Tocante Bistab is my latest instrument acquisition from Ciat-Lonbarde. Order at SynthMall. Tocante is yet another masterful creation by Peter Blasser. It is one of his more pure designs: a wholly self-contained electronic instrument, powered by solar-charged batteries, having a miniature speaker, and which can be played only by touch.
The Tocante line of musical instruments is “about” and “touching” the materials of electronics. Each touchpad represents a pitch according to industry “preferred numbers,” chosen by old wartime engineers for non-musical purposes. Here they form a unique and haunting musical scale, not unlike that of a gamelan or the neutral intervals of Persian music. Beyond these base pitches, three golden sandrodes flank each touchpad; touching these androgynous nodes yields intermodulation, pitch and timbral shifts, and emergent chaotic masses. The instruments come in three flavors: thyris the triangle, bistab the square, and phashi the circle. The oscillators sound like a bowed string, a most powerful clarinet, and a howling serene whistle, respectively. Each responds to touch differently. Solar panels charge the onboard batteries, that power the oscillators and a speaker. They are the perfect self-contained instrument for nightly music at the campground.

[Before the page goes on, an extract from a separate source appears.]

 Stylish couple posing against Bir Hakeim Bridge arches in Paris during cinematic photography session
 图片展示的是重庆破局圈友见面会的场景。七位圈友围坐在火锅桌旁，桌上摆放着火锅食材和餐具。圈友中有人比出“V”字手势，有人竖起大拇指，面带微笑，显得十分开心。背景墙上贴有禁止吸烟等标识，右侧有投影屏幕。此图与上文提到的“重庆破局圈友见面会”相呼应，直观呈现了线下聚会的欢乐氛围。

Tocante has 24 independent oscillators, each heard by means of a touchpad. On Bistab, which uses square wave oscillators, the touchpads are square. On Thyris they are triangular, and on Phashi round. Touching a pad with a finger creates an electrical continuity through the resistance of the skin, primarily impacting amplitude. The pads are etched on one side of a printed circuit board, with surface-mount electronic components on the reverse. Moisture increases conductivity. The 24 pitches are fixed, but due to component tolerances are slightly different for each individual instrument, yielding a unique tuning. Pitch bending and crazy cross modulations are done with the ‘sandrodes’, the bars across the middle of the Tocante, each ending in a small pad that’s close enough to bend a finger onto.
Tocante is heard through its own little speaker, and has a mono output jack for processing and amplification. It also has a power inlet for charging the battery when natural light is scarce.
I set up a delay processing patch, using both a Blacet Time Machine and the BugBrand PT Delay, to make the following test recordings. The first is an attempt at playing a rhythm in 3/4 time.
The second is made only by breathing on Tocante. It’s a little horrifying in places, so I called it Horror Breath.
It sounds lovely – thanks for posting these…! Was curious to check them out.